Los Angeles, CA — The National Weather Service issued a hazardous weather outlook for the Southland today. Temperatures are expected to be in the triple digits in some areas, and the combination of hot and dry weather will create heightened fire danger in the mountains and valleys.
Society for the Prevention of Cruelty to Animals Los Angeles (spcaLA) reminds people: do NOT leave pets or children unattended in cars, not even for 5 seconds. Not only is it illegal, it can also be deadly.
If you see a pet or child locked in a hot car, call 911. Authorities are permitted to break car windows, if necessary, to free the victim. Leaving an animal in a hot car can result in being charged with animal cruelty.
On a hot day, the temperature inside a parked car can soar up to 160 degrees, even in the shade. This temperature is hot enough to cause heat stroke and permanent brain damage in children or pets. spcaLA does not recommend that the public attempt to free or pet an animal in distress. Even the nicest pets are more likely to bite in a stressful situation, which could result in the animal being placed in quarantine for 14 days, as well as other consequences for the animal and the Good Samaritan.
The normal temperature for a dog or cat is several degrees higher than that of a human. Animals confined in a car, yard, or dog run, with no protection from the heat and without ample water are more susceptible to heat stroke than humans. Dogs with flat faces (like Pugs or English Bulldogs), obese dogs, and ones with heavy coats have an even greater risk of overheating. It is important to realize that just like humans, not all dogs deal with heat the same way. Dogs do not sweat they lose heat through their tongues, noses, and footpads.
Make sure your pets are included in your disaster preparedness plans. Ensure your pets are vaccinated, wearing collars with current tags, and microchipped (be sure to register the chip). Additionally, make sure your disaster kit contains at least following items for the safety of your pets.

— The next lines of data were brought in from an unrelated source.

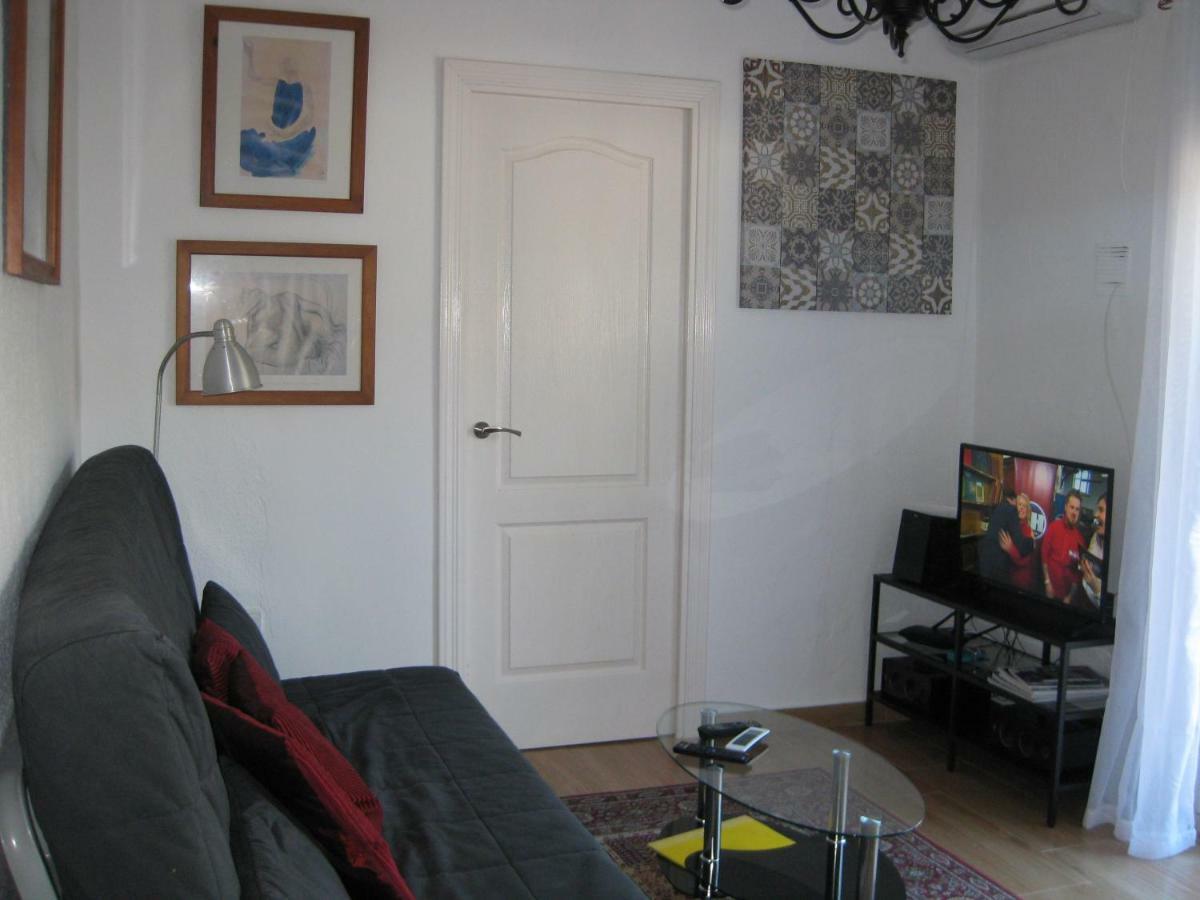 Apt 1 Ch Costa Del Sol Sitio De Calahonda Dans Maison D'Hote Entree Independante Mijas Exterior photo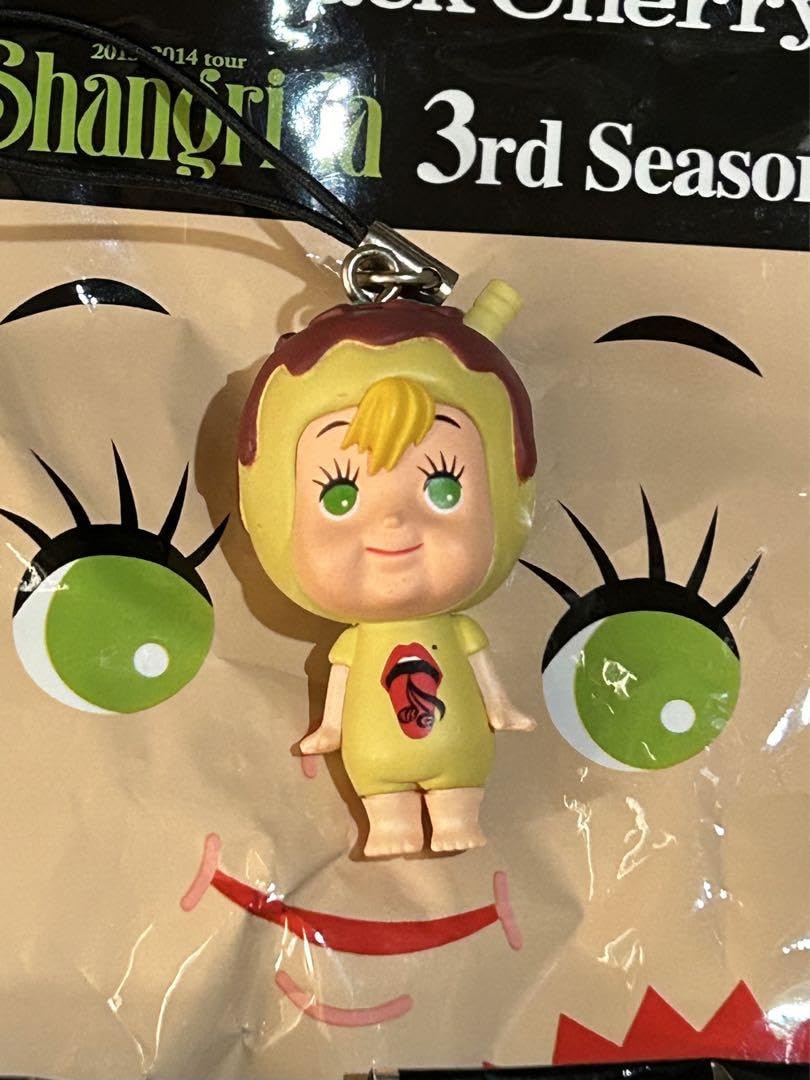 Acid Black Cherry キューピー インキュバス君 フォトブック Acid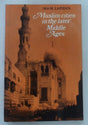 Muslim Cities in the Later Middle Ages - Retail Maharaj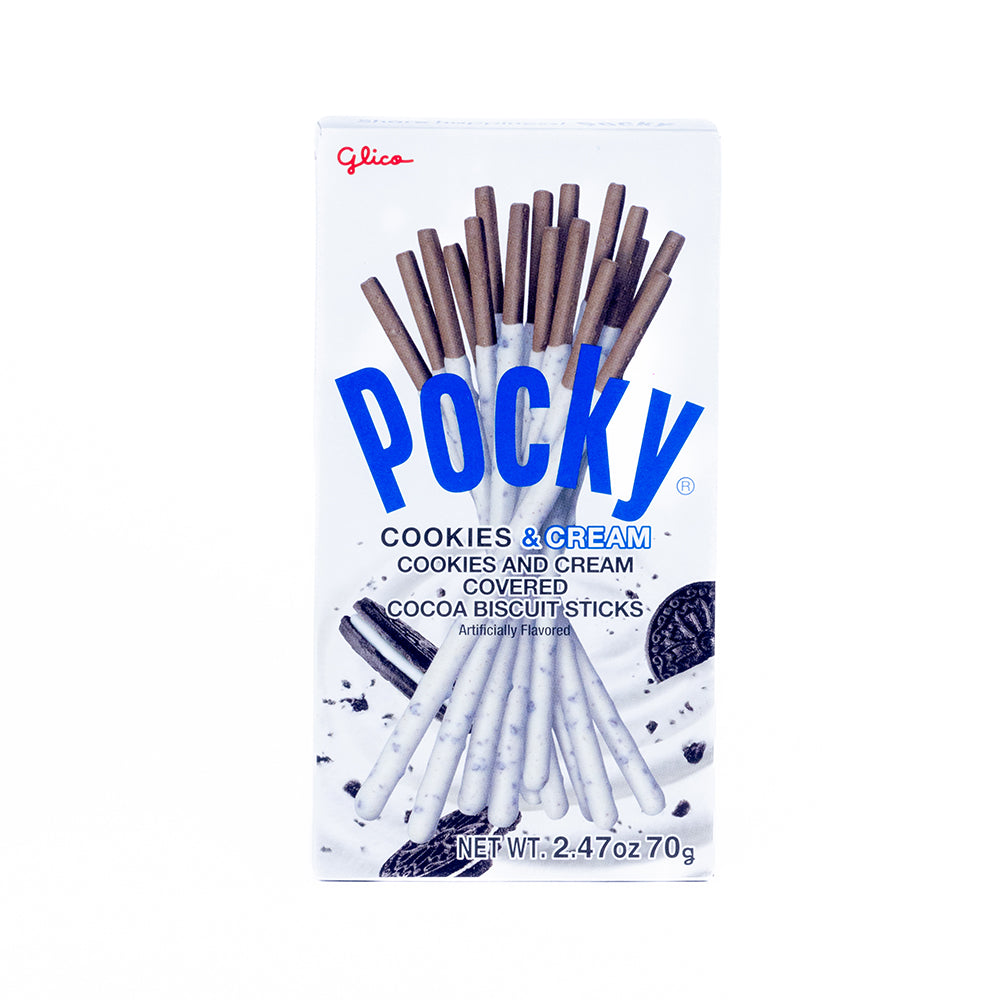Pocky Cookies & Cream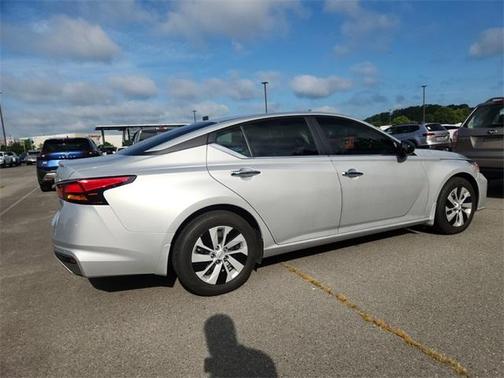 2024 Nissan Altima 2.5 S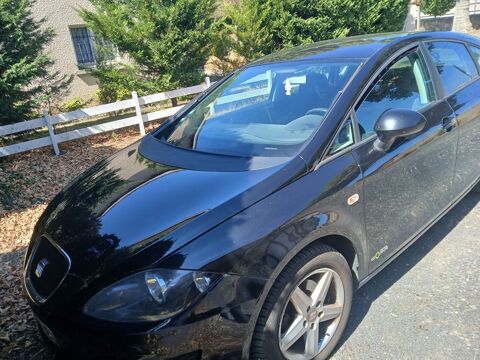 Seat leon 1.6 TDI 105 FAP CR Réference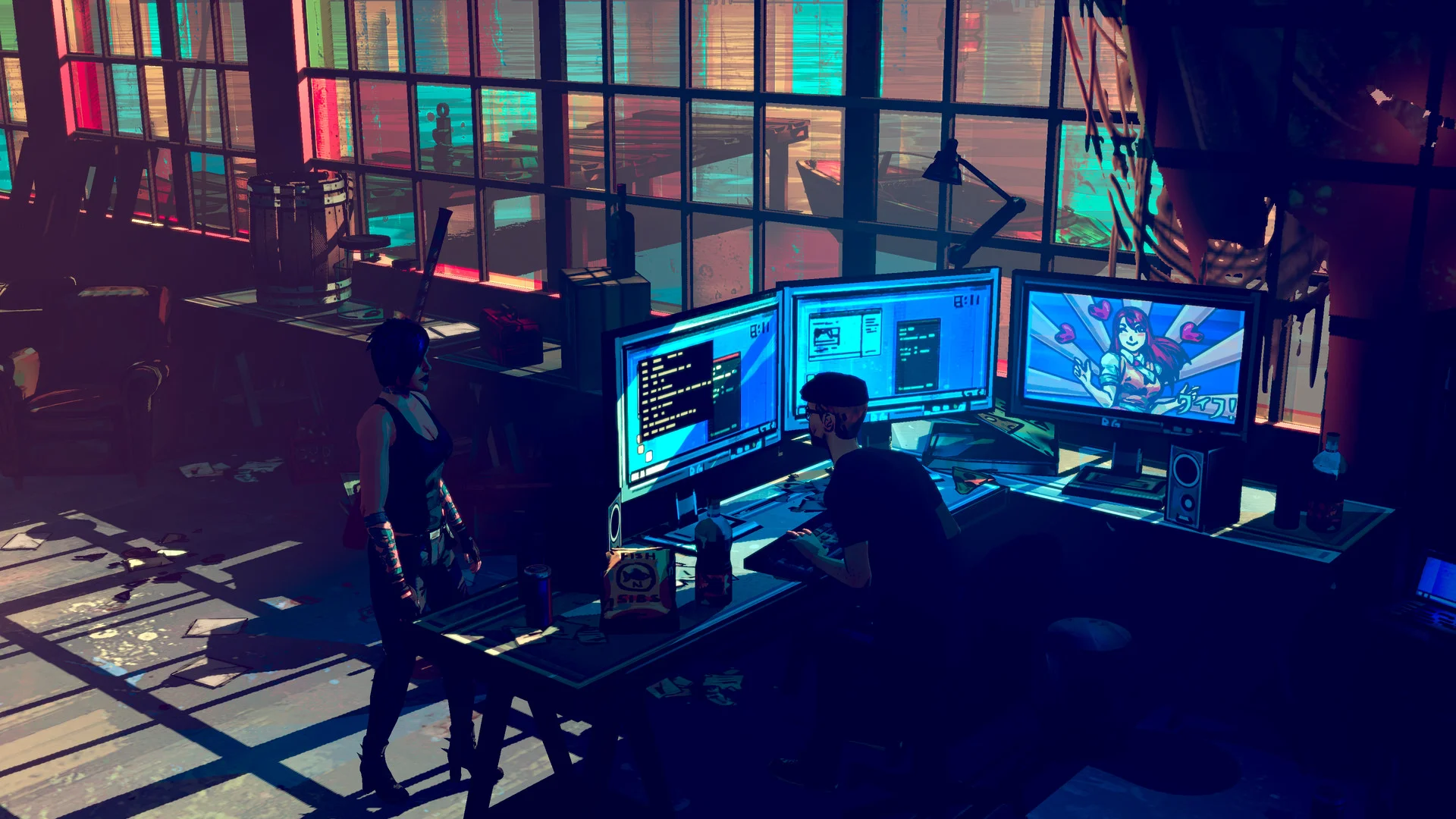 Thief of Thieves screenshot 2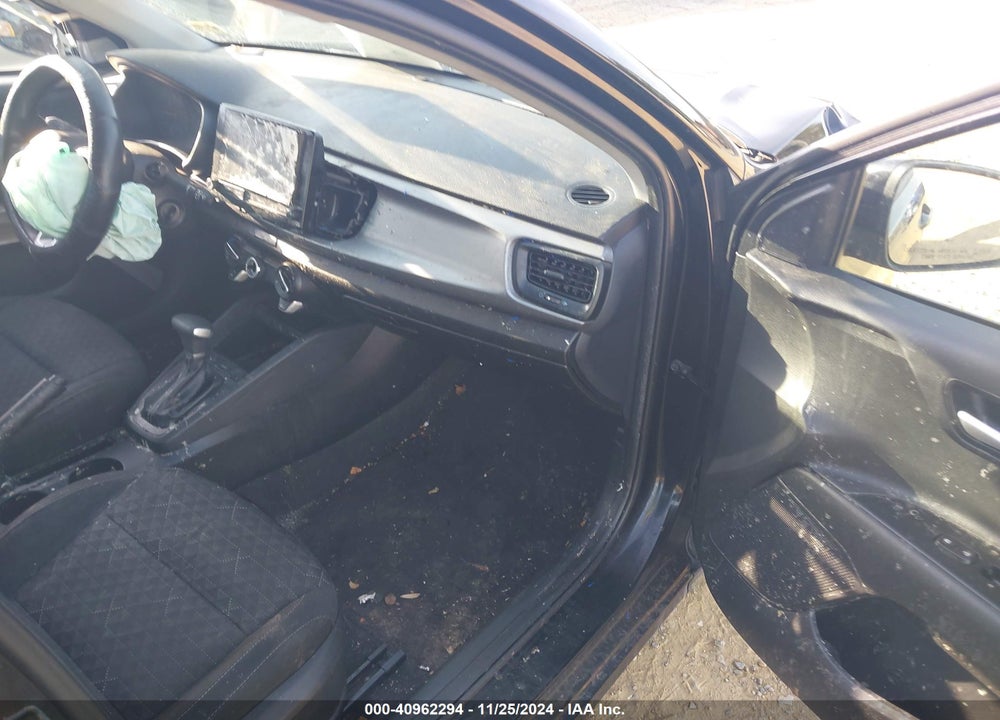 2023 KIA RIO LX VIN: 3KPA24AD5PE528786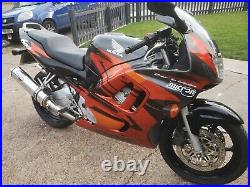 1998 Honda Cbr 600 F3 Only 18k Miles Motorbike/motorcycle Micron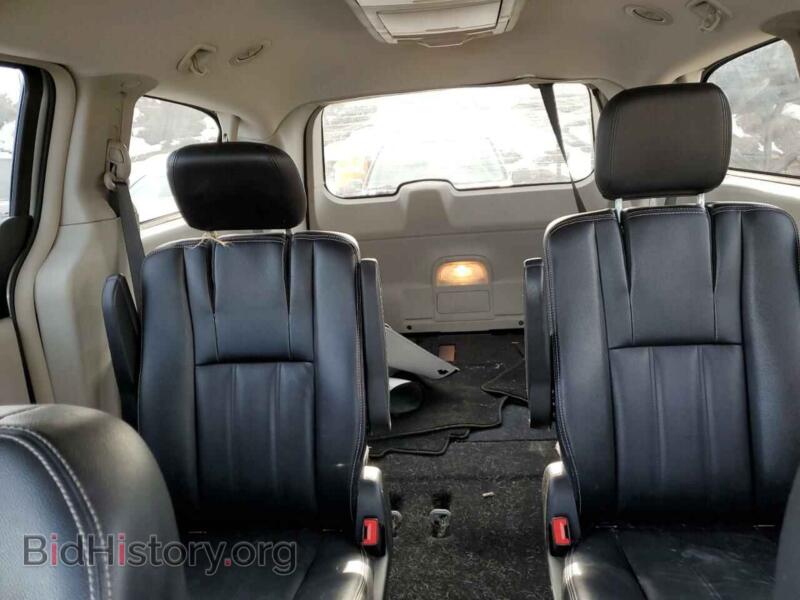 2015 Chrysler MINIVAN (VIN 2C4RC1BG1FR551535) — фото 10 из 13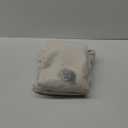 XTMYI 96 Inches Long Modern Farmhouse Linen Curtains for Living Room,Hang Pin Hooks Back Tab Sheer Pleated Curtains for Bedroom Dining Room,96 Length 2 Panel Set,Cream Colored(Ivory/Off White)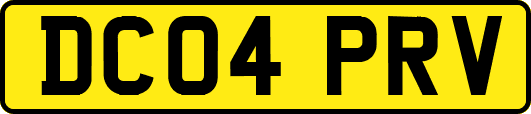 DC04PRV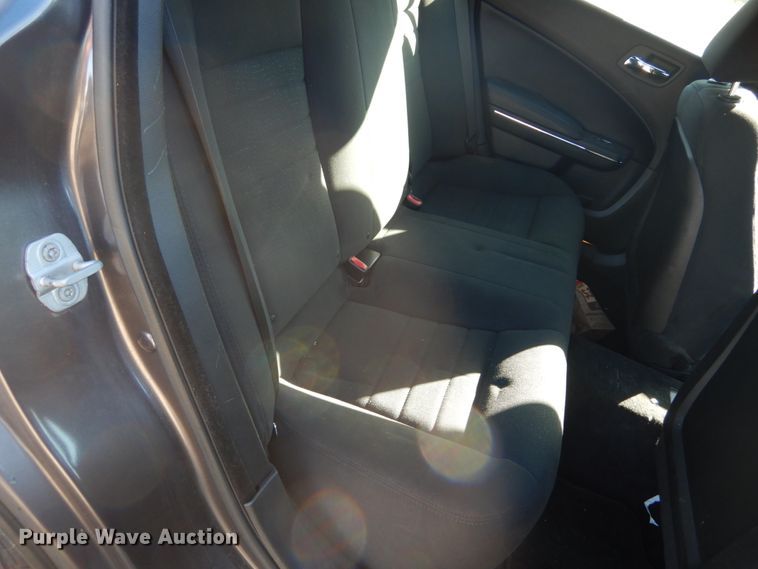 image for item DH5231 2013 Dodge Charger Police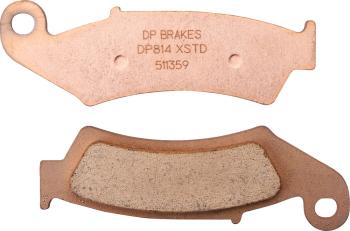 2 389 р. Тормозные колодки DP-Brake DP814  dp814  с доставкой в г. Кемерово. Увеличить фотографию 1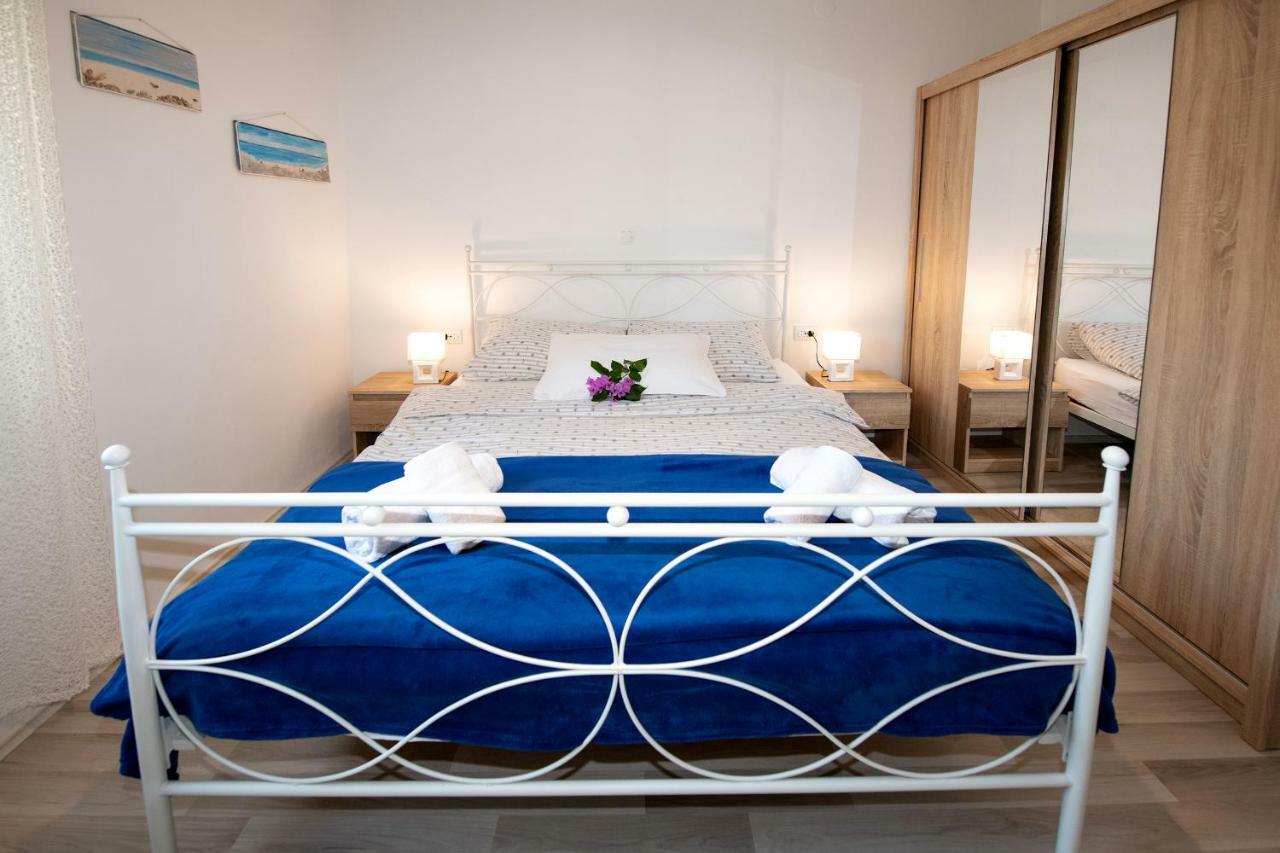 Apartment Mediteraneo Opatija Extérieur photo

• Current photos of your pets, copies of vaccination records, medications and your veterinarian’s contact info.
• Collars, leashes, & carriers for your pets (and a soft muzzle for dogs).
• Minimum of three weeks’ supply of food & water
• Treats, toys, blankets, & towels
• Pet First Aid Kit
• Waste removal system (litterbox/litter, poop bags)
Heat relief ideas for pets:
• Ice trays: Freeze stock into ice cubes for your dog to lick or freeze a treat in each ice cube. Cats enjoy chasing slippery ice cubes, too.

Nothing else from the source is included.